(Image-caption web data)

-- -- --

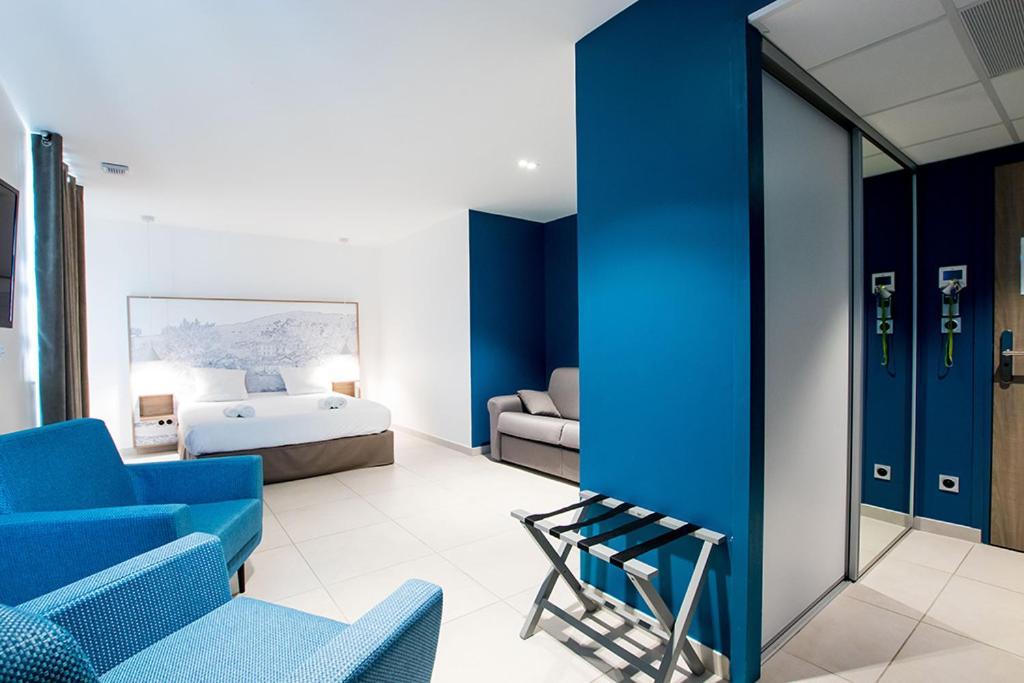 Hotel Du Cros D'Auzon Saint-Maurice-dʼArdèche 외부 사진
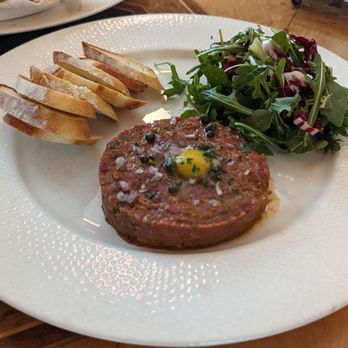 Swiss Chalet Restaurant - Beef tartare - German Near Me - Vail, Colorado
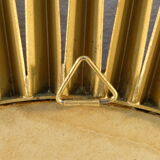 Metal sun mirror Chaty Vallauris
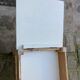Tabouret coffre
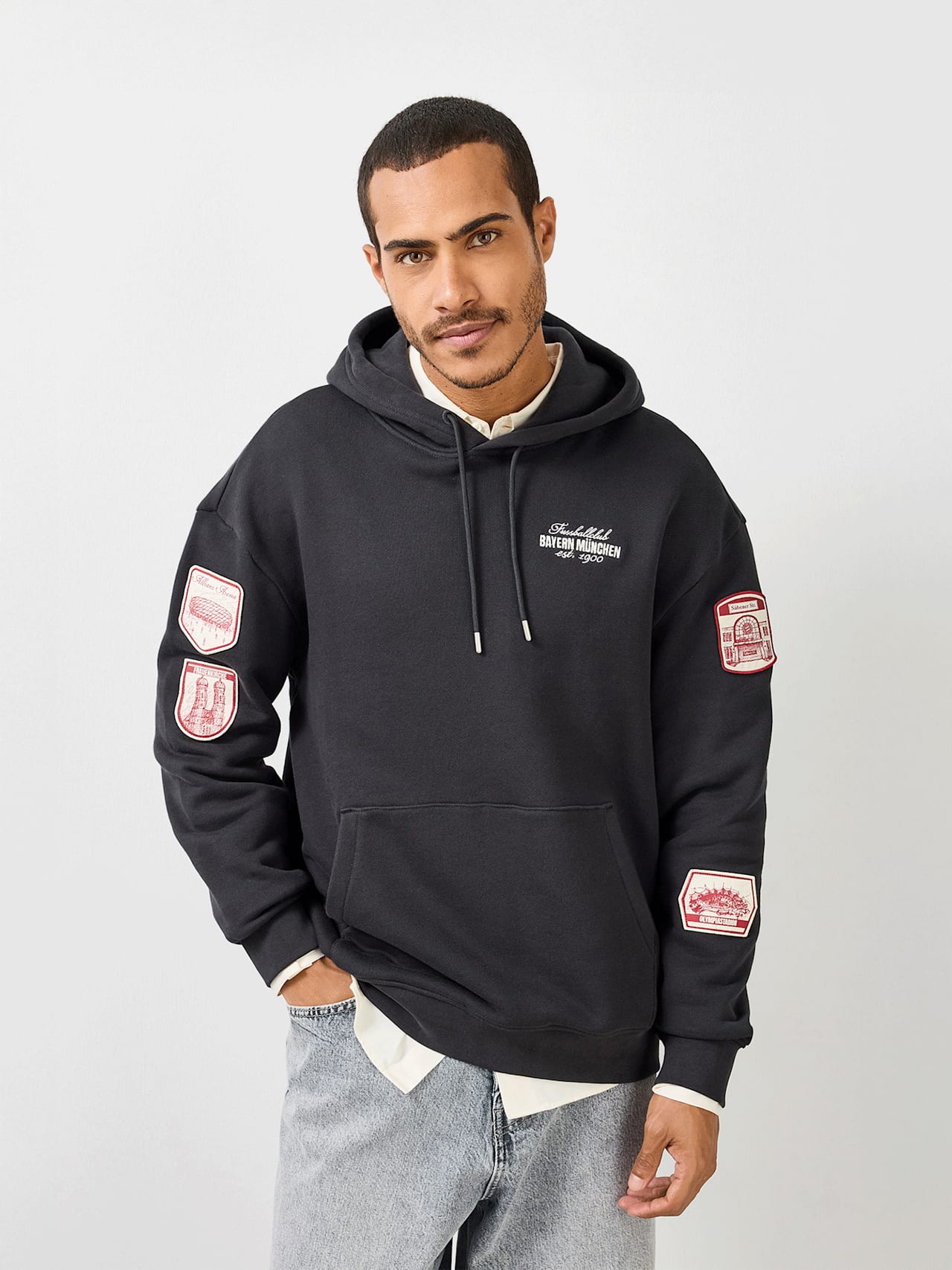 Unisex Sudadera con capucha Múnich 1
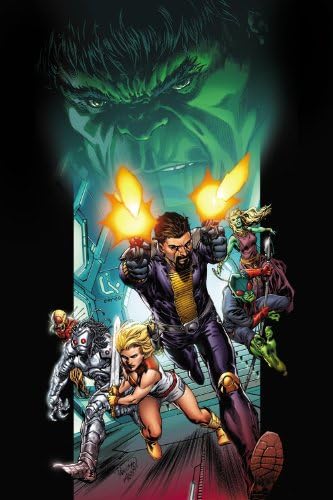 Marvel Incredible Hulks: Enigma Force - Dark Son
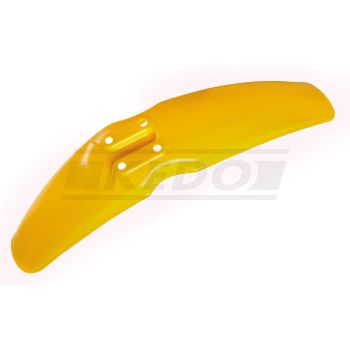 Replica Kotflügel vorn 'Competition Yellow' (mit originalen Montagelöchern) OEM-Vergleichs-Nr. 1T1-21511-10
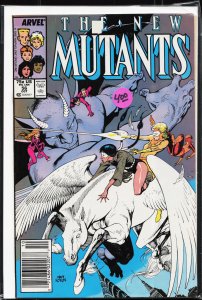 The New Mutants #56 (1987) New Mutants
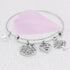 Kivosliviz Sister in Law Bracelet Jewelry Through Marriage We Became Family Bangle Bracelet for Sister of the Groom...
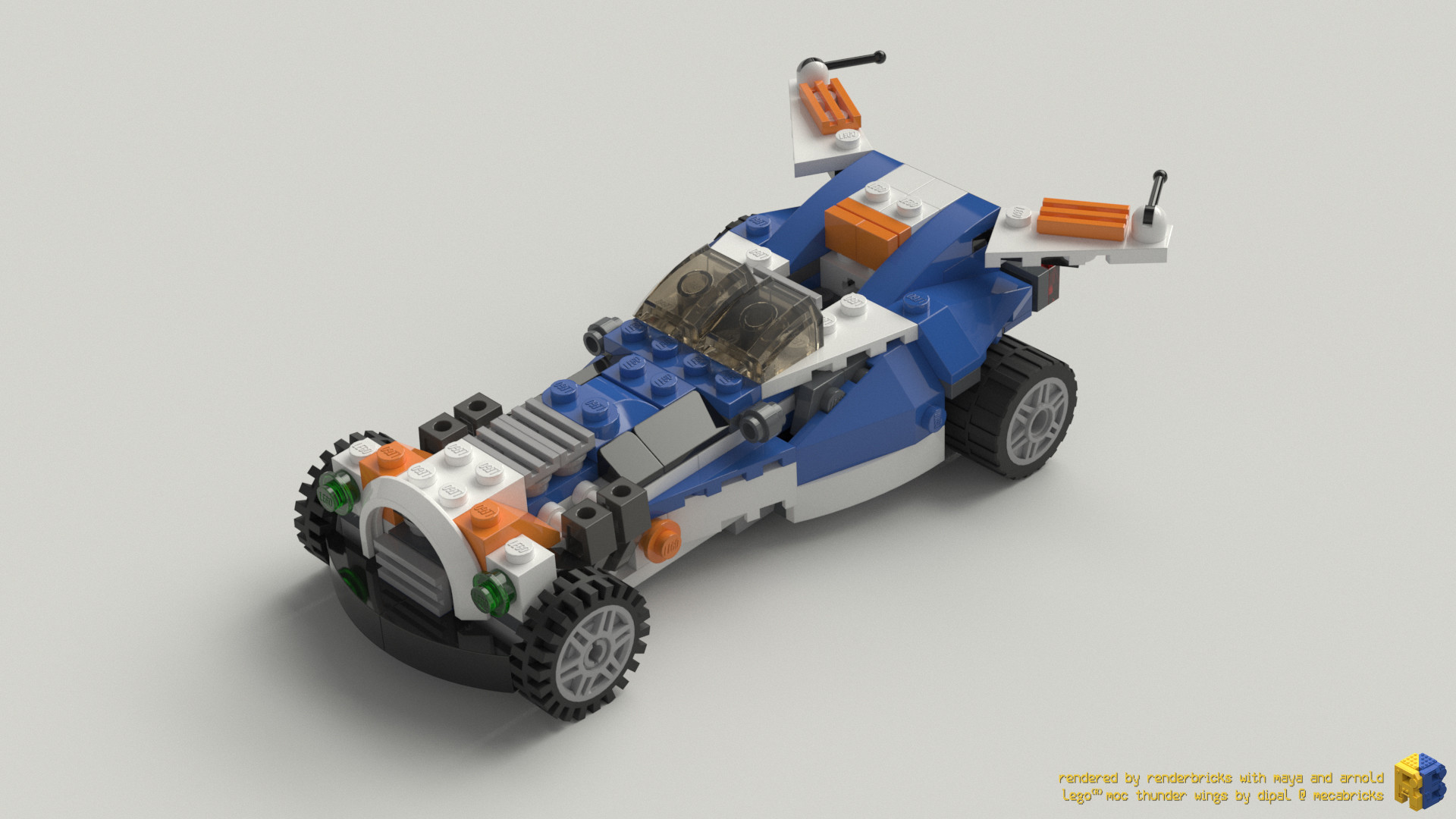 Lego thunder wings outlet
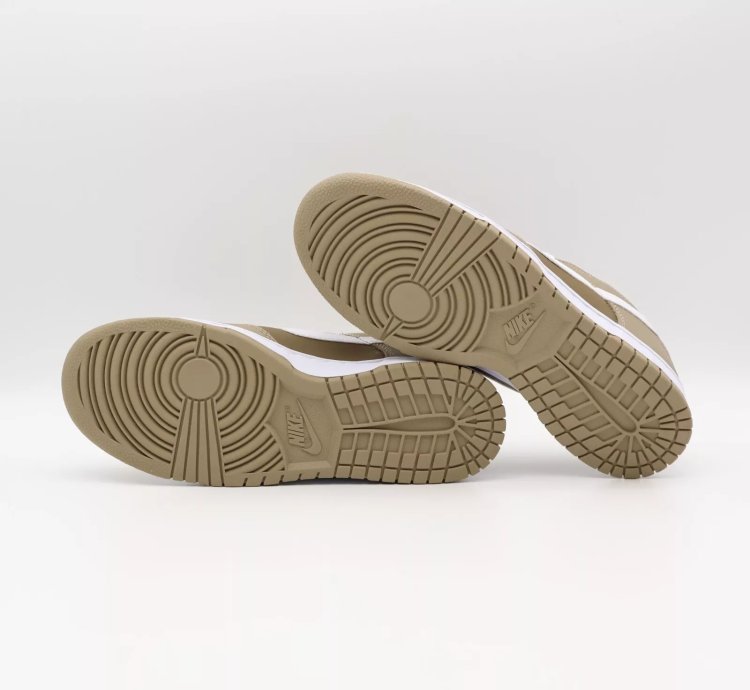 Dj6188-200 Nike Dunk Low Retro Judge Grey Khaki White Hazel Rush Brown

-- -- --

Without any pictures, reproduce exactly the lines from the line that contains "Lego thunder wings outlet" to the end of the entries above, both ends included.

Solved exercise
 Lego thunder wings outlet
 Dj6188-200 Nike Dunk Low Retro Judge Grey Khaki White Hazel Rush Brown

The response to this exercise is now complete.